Avadh Behari, J.
(1) Appellant had agreed to buy respondent's plot in suit for Rs. 8,000.00. Bargain was struck by parties through their agents. Respondent bought stamp paper and dictated terms on it through a typist. She then representing that she had forgotten to bring certificate of title went home to bring but never returned. Appellant sued her and got a decree. It was reversed in 1st appeal. He then filed 2nd appeal. Para 20 onwards, the judgment is :
(2) The decision of this appeal turns on a short question and it is this. Are the terms of the contract uncertain with regard to the expenses of the sale Is it not clear from. the record that the respondent was to bear the expenses of the sale
(3) The respondent had agreed to convey to the appellant her plot No. 23 measuring 287.77 square yards situated in Punjabi Bagh, Delhi, for the consideration of Rs. 8,000.00. The balance sum of Rs. 7,000.00 was to be paid before the Sub-Registrar, Rs. 1,000.00 having been received by the respondent by way of earnest money. Both the Courts found that these terms being certain it was the respondent who was in breach of the contract. On the short ground that it was not clear who was to bear the expenses of the sale the learned Additional District Judge non-suited the appellant.

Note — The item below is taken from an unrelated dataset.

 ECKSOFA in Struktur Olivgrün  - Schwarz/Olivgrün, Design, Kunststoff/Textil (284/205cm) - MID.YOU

(4) In my opinion there is no uncertainty about the terms of the contract as regards the expenses of the sale. It would be unfair to lay the blame on the appellant and to say that he had failed to discharge his burden with regard to the question of expenses of sale 209 In the plaint in para 3 the plaintiff clearly said the respondent had agreed to bear all the expenses of execution and the registration of the sale deed. The defense was that she was to bear the expenses of sale and registration up to the extent of Rs 8,000.00 and that on the remaining amount of Rs. 7,82,735.00 the purchaser was to bear. We have to see from the evidence whether the respondent has been able to prove her allegation with regard to the expenses of sale.
(5) It is not disputed that on 19th of March, 1974, the respondent herself purchased the stamp in her own name for Rs 560.00. The non-judicial stamp paper is on the record. The sale deed was drafted and was typed on it. This stamp paper duly engrossed was taken away by the respondent to her home on the pretext that she had forgotten to bring the certificate of Refugee Cooperative Society.
(6) The counsel for the respondent has stated that later on she, the respondent received refund of the stamp from the Collector of Stamps. It is thereforee clearly proved that she paid for the stamp and thereforee the appellant's allegation that she was to bear the expenses stood fully proved.
(7) Next the appellant himself came into the witness box as Public Witness 5 and he stated that Hari Chand Seth has told him that the entire expenses regarding stamp and registration etc. were to be borne by the respondent. Hari Chand himself came into the witness box and deposed that he told Kartar Singh that stamp paper was to be purchased in the name of the appellant Amar Nath.
(8) On behalf of the respondent Kartar Singh appeared and he repeated what the respondent had stated in her written statement, namely, that the expenses were to be borne by the respondent up to Rs. 8,000.00 and for the rest of the amount of the sale price the expenses were to be borne by the appellant.
(9) In the sale deed Ex. Pi it is mentioned that 'the vendee has borne all expenses of this sale deed.' The learned Additional District Judge found that this recital in the sale deed was contrary to the testimony led by the parties. He thereforee held that the terms were uncertain. I do not agree with him.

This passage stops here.